In a political season that’s been dominated by populism it should come as no surprise that a grassroots uprising is having an effect on education policy as well.

Two recent events showcase exactly how the populist fervor in the nation is redrawing the education policy landscape. More specifically, that fervor is rewriting the story of the rollout of charter schools in our communities that’s been enabled by laissez-faire lawmakers, and the generosity of the Obama administration and wealthy private foundations.

Both events – one which reflects a national response to the populist uprising, and the other, an example of the uprising itself – reveal how a grassroots rebellion against unregulated charter schools is shaking the foundations of the education policy establishment’s narrative about these schools.

NAACP Calls For A Charter School Moratorium

First, university professor Julian Vasquez Heilig broke the story on his personal blog last week that the national NAACP has called for a nationwide “moratorium on the proliferation of privately managed charter schools.”

The NAACP resolution, which passed at the national convention in July but will not be official until the National Board meeting later this Fall, cites numerous problems posed by charter schools including their tendencies to increase segregation, impose “punitive and exclusionary” discipline policies on students, and foster financial corruption and conflicts of interest. (Disclosure: Heilig is a colleague of mine at The Progressive.)

Around the same time Heilig made his revelation, The Atlantic reported another prominent civil rights group, the Movement for Black Lives – a coalition of over 50 black-led organizations aligned with Black Lives Matter – also is calling for a moratorium on charter schools.

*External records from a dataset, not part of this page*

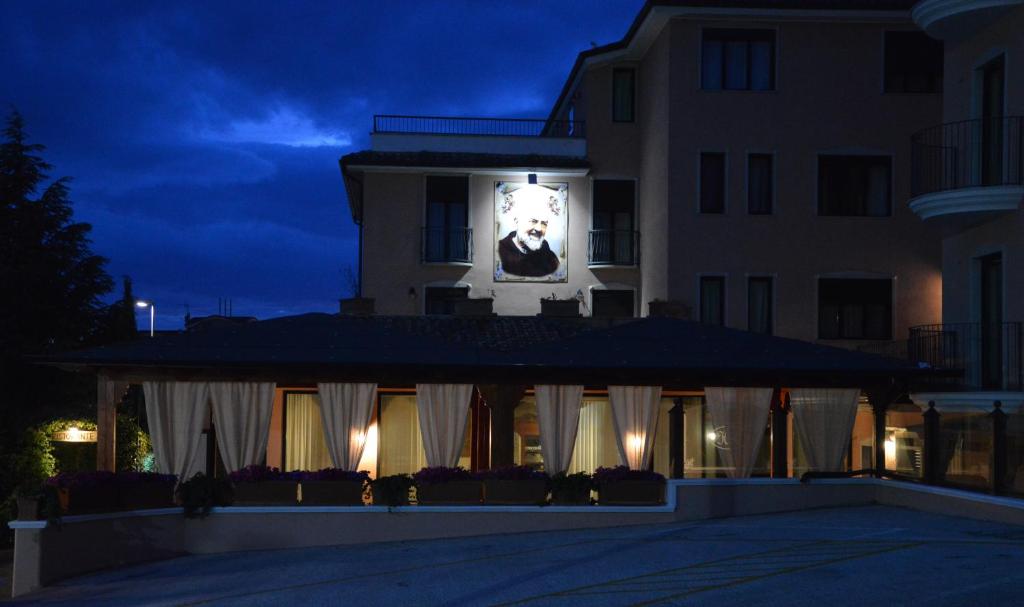 圣乔瓦尼·罗通多Hotel Rosamarina的一座建筑,晚上在它旁边有一个钟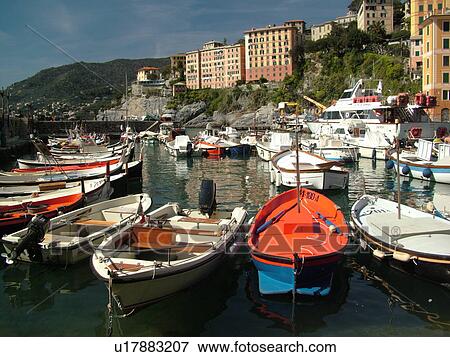Liguria, Italy, Camogli, Riviera di Levante, Ligurian Riviera, Europe, Fishing boats docked in the fishing port in the resort town of Camogli along the Ligurian Sea. View Large Photo Image Stock Photo - Liguria, Italy, Camogli, Riviera di Levante, Ligurian Riviera, Europe, Fishing boats docked in the fishing port in the resort town of Camogli along the Ligurian Sea.. Fotosearch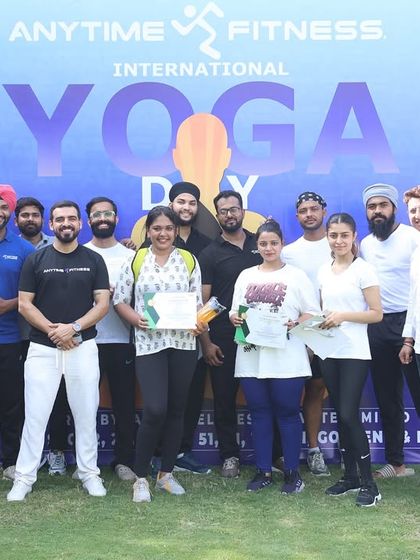 Members and trainers posing with their certificates after our International Yoga Day event. We believe in recognizing participation and effort.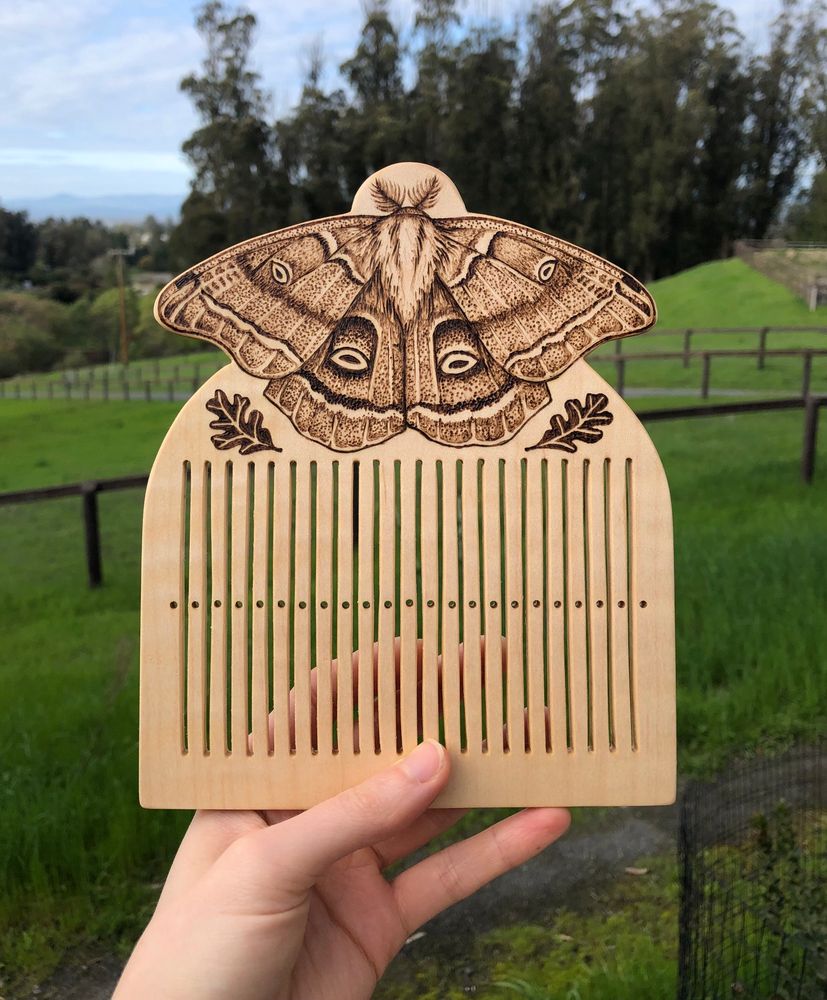 A handmade wooden rigid heddle featuring a polyphemus moth and oak leaves, with 45-thread capacity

Other civil rights voices soon joined in support of the moratorium.

Journey for Justice – an alliance of grassroots community, youth, and parent-led organizations in 21 cities across the country – declares in a statement that its constituency of largely African-American local activists is “demanding the end of unwarranted expansion of charter schools.” Another voice for civil rights, the Internet-based collective known as Educolor, also issued a general statement in support of the MBL platform.

At the Hechinger Report, Andre Perry, a university professor and one of the early advocates for charter schools in New Orleans, explains why “the Black Lives Matter movement has to take on charter schools.” Perry writes, “Many of the theories and practices many of us are fighting against in the criminal justice arena are still openly embraced by many charter schools.” Specifically, he cites the tendencies of charters to practice “no excuse” models of education that enforce strict behavior codes and produce high rates of out-of-schools suspensions.

Nashville Defeats Charter School Dark Money

While the reputation of charter schools took a hit at the national level, those schools and what they’ve come to represent in communities were also rejected at the local level in a school board election in Nashville.

A year and a half ago, I reported firsthand from Nashville on how local schools in the district were under assault by the twin forces of a right-wing agenda driven by the Koch Brothers and a collusion of business interests and private foundations intent on privatizing the schools. In my article for Salon, I explained how three school board members – Will Pinkston, Jill Speering, and Amy Frogge – had determined to represent the will of their voters, rather than the interests of big money, and resist the onslaught of charters.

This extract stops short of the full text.